** EXERCISE BRIEF **
When you copy the data that follows, reproduce every word exactly and leave out the images.

• • • • • • •

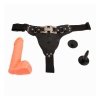 Strap-on pas uprząż dildo z jądrami zabawka erotyczna dla lesbijek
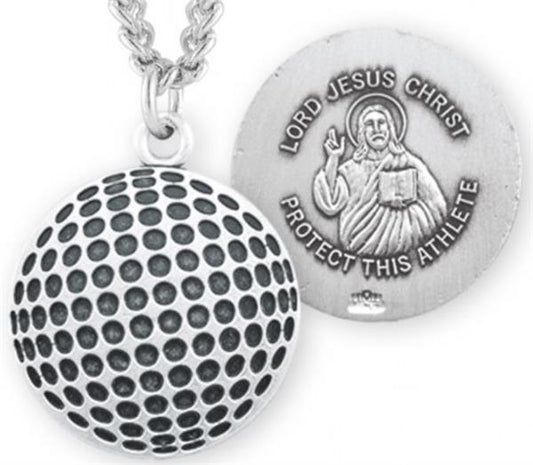 Golf / Christ Medal in Sterling Silver, 11/16", Your Choice of Chain, # 6658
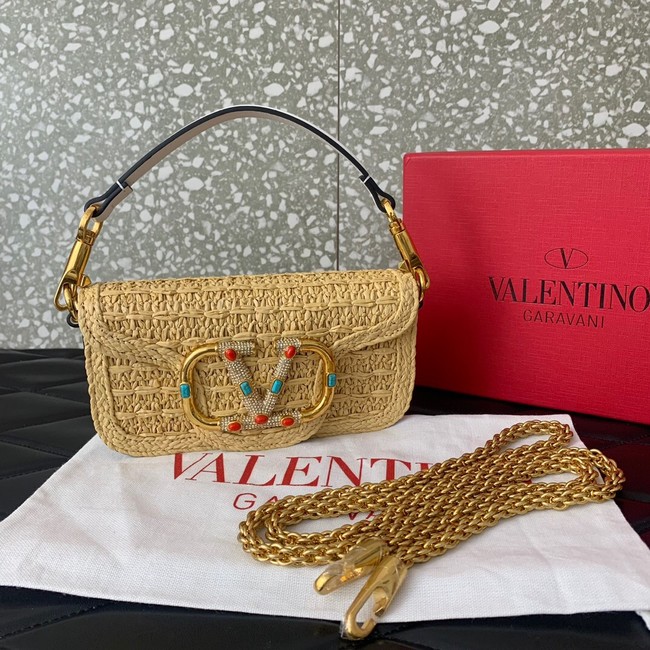 VALENTINO VLOGO SIGNATURE RAFFIA Shoulder Bag 5016 white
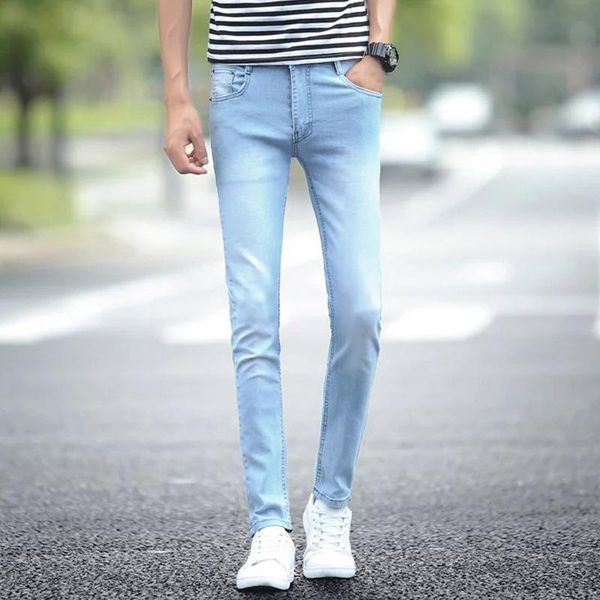 men's jeans korean version calf personalized leggings boys' trendy pants, Blue
men's jeans korean version calf personalized leggings boys' trendy pants, Blue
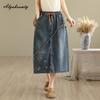 Плюс размер Mori Girl Style весна-лето женская джинсовая юбка с завязками на высокой талии вышитая юбка с кисточками винтажные элегантные женские юбки
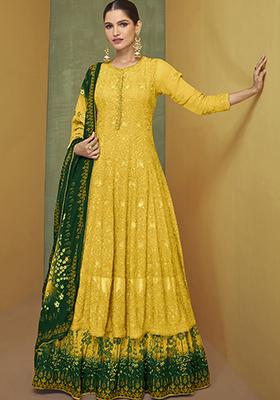 Yellow Sequin Embroidered Faux Georgette Anarkali Set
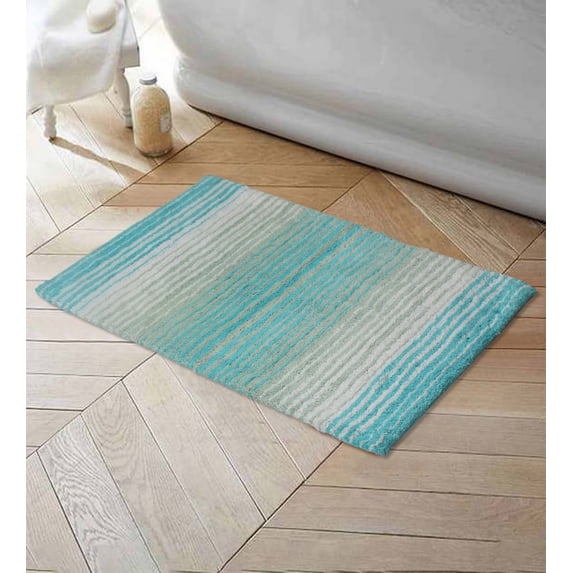 Home Weavers 100% Cotton Gradation Collection Bathroom Decore | Washable Rug | Bathroom Mat | Kitchen rug | Bathroom Rug Set | Bath Mat Set | Bath Floor Mat Non Slip, 17"x24", Turquoise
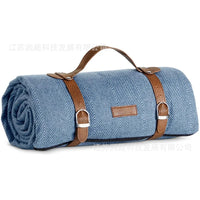 HKM-414931 Foldable Waterproof Travel Picnic Blanket Mat - Custom Linen Canvas Design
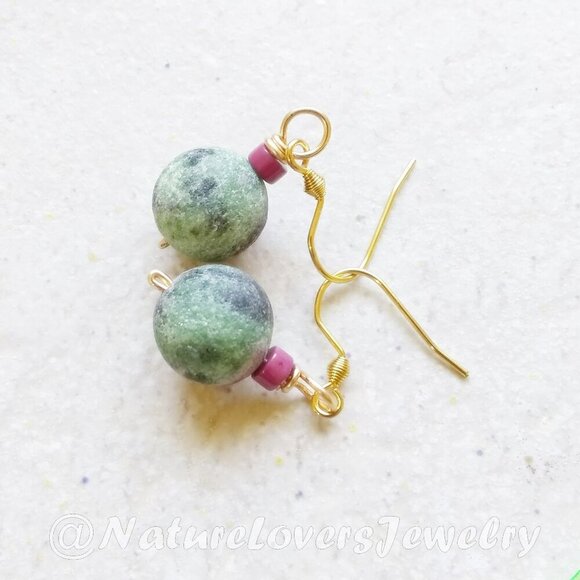 NatureLoversJewelry Jewelry - Minimalist Ruby in Zoisite Earrings - Business Casual - Short Dangle Earrings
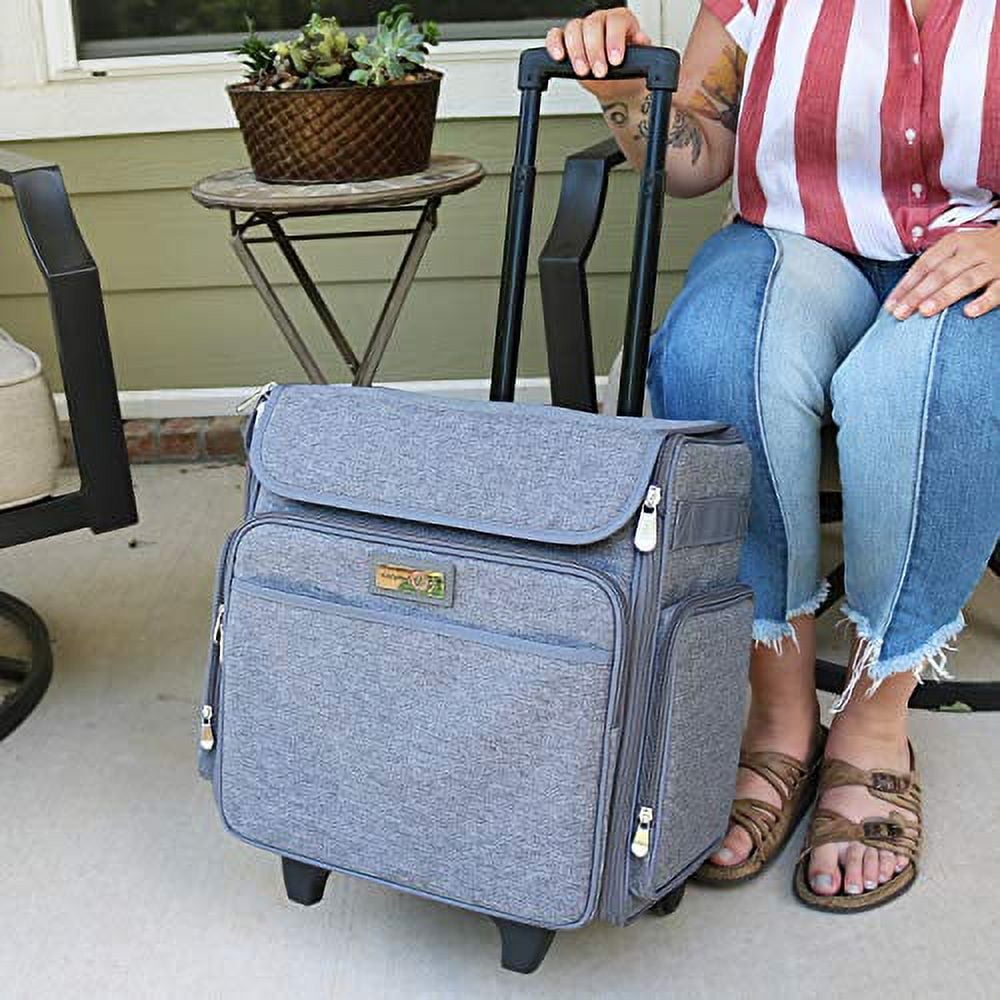 Everything Mary Collapsible Rolling Craft Bag, Heather, Tote With Wheels  For Scrapbook & Art Storage 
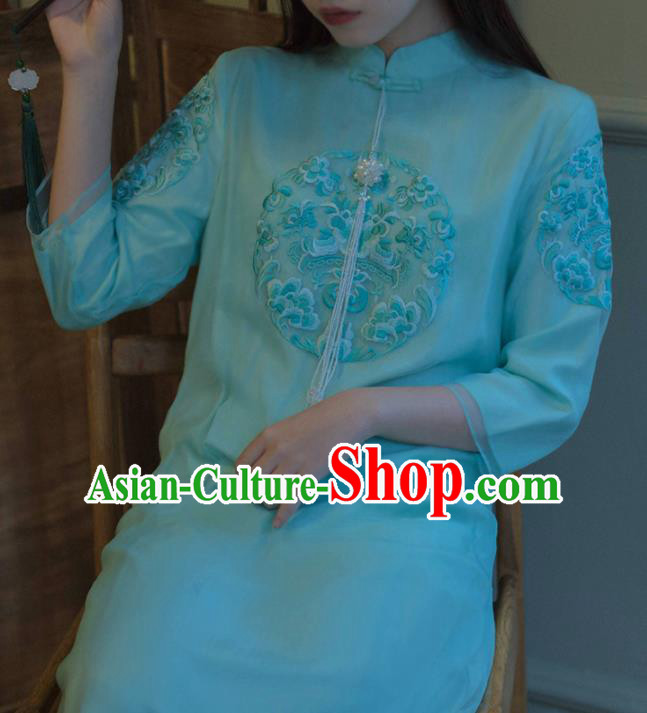 Chinese National Embroidered Green Cheongsam Traditional Classical Tang Suit Qipao Dress for Women
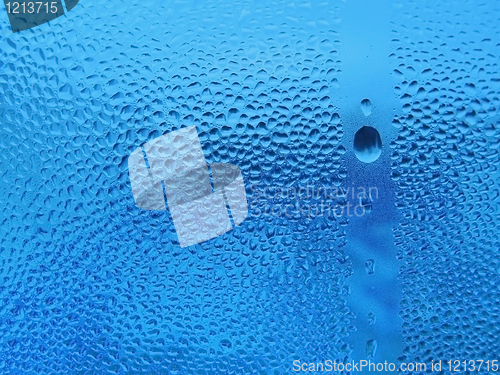 Image of natural water drops on glass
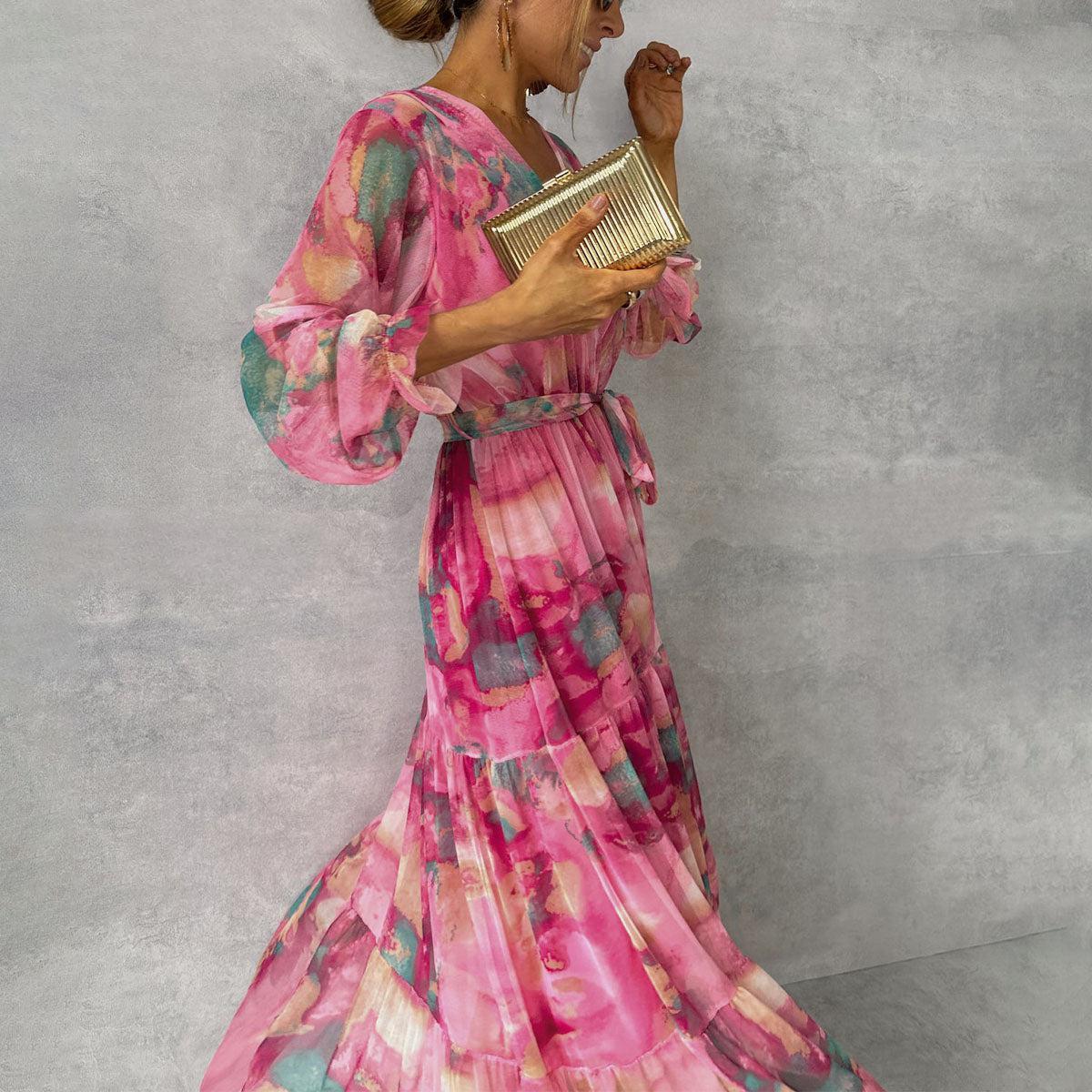 Elegant Floral V-Neck Maxi Dress for Women – Long Sleeve High-Waisted Pleated Chiffon Swing Dress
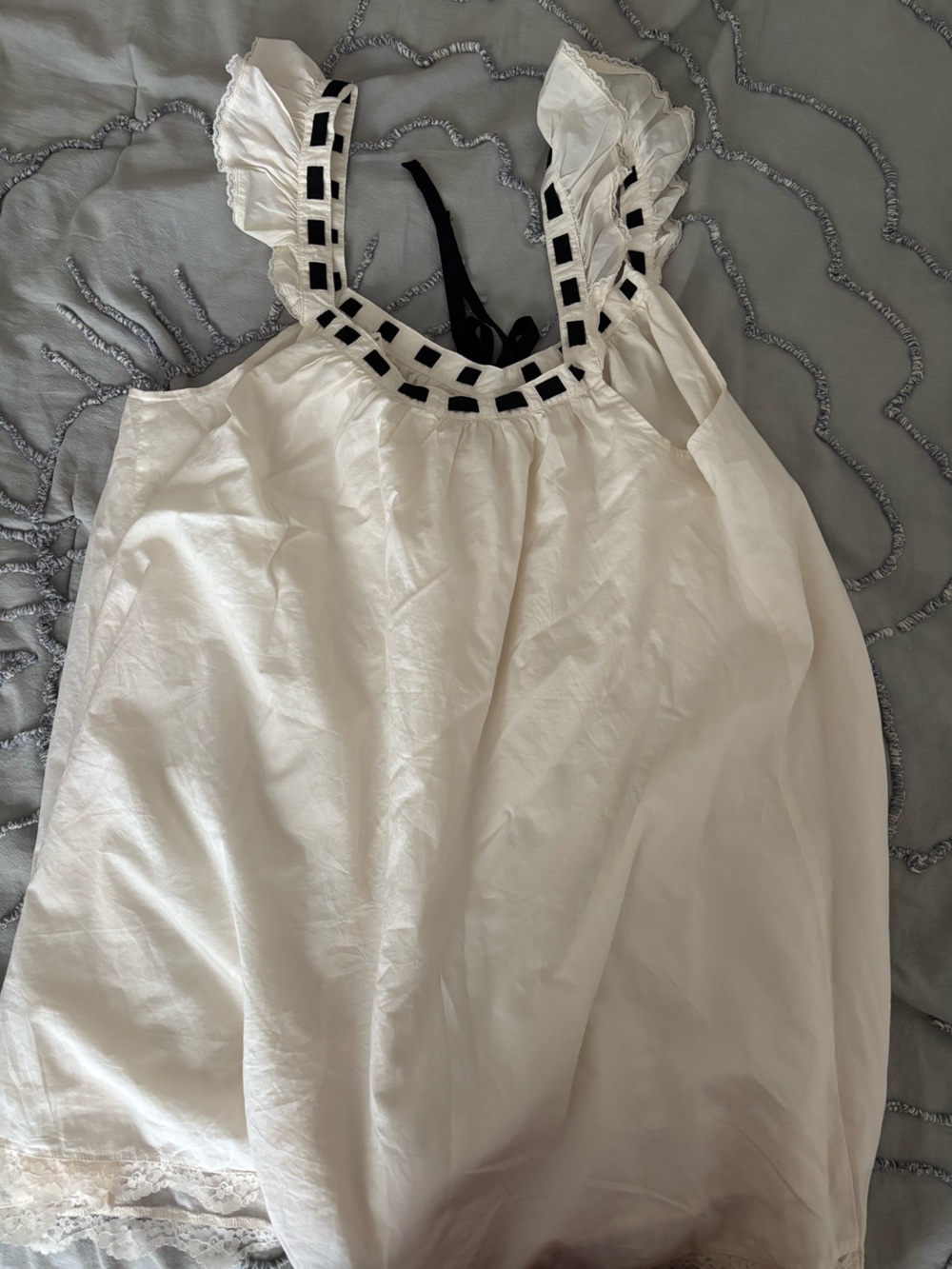Aerie White Dress with Black Ribbon Trim - Picture 3 of 3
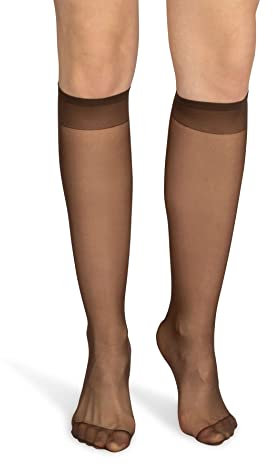 NOQ Medias hasta la rodilla para mujer, monocolor, 15 DEN, estilo casual, sin presión, semimate transparente, con parte superior cómoda, dos pares, talla única, Bronce, Talla única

• • • • • • •

** EXPECTED ANSWER **
 Strap-on pas uprząż dildo z jądrami zabawka erotyczna dla lesbijek
 Golf / Christ Medal in Sterling Silver, 11/16", Your Choice of Chain, # 6658
 VALENTINO VLOGO SIGNATURE RAFFIA Shoulder Bag 5016 white
 men's jeans korean version calf personalized leggings boys' trendy pants, Blue
men's jeans korean version calf personalized leggings boys' trendy pants, Blue
 Плюс размер Mori Girl Style весна-лето женская джинсовая юбка с завязками на высокой талии вышитая юбка с кисточками винтажные элегантные женские юбки
 Yellow Sequin Embroidered Faux Georgette Anarkali Set
 Home Weavers 100% Cotton Gradation Collection Bathroom Decore | Washable Rug | Bathroom Mat | Kitchen rug | Bathroom Rug Set | Bath Mat Set | Bath Floor Mat Non Slip, 17"x24", Turquoise
 HKM-414931 Foldable Waterproof Travel Picnic Blanket Mat - Custom Linen Canvas Design
 NatureLoversJewelry Jewelry - Minimalist Ruby in Zoisite Earrings - Business Casual - Short Dangle Earrings
 Everything Mary Collapsible Rolling Craft Bag, Heather, Tote With Wheels  For Scrapbook & Art Storage 
 Chinese National Embroidered Green Cheongsam Traditional Classical Tang Suit Qipao Dress for Women
 Image of natural water drops on glass
 Elegant Floral V-Neck Maxi Dress for Women – Long Sleeve High-Waisted Pleated Chiffon Swing Dress
Aerie White Dress with Black Ribbon Trim - Picture 3 of 3
 NOQ Medias hasta la rodilla para mujer, monocolor, 15 DEN, estilo casual, sin presión, semimate transparente, con parte superior cómoda, dos pares, talla única, Bronce, Talla única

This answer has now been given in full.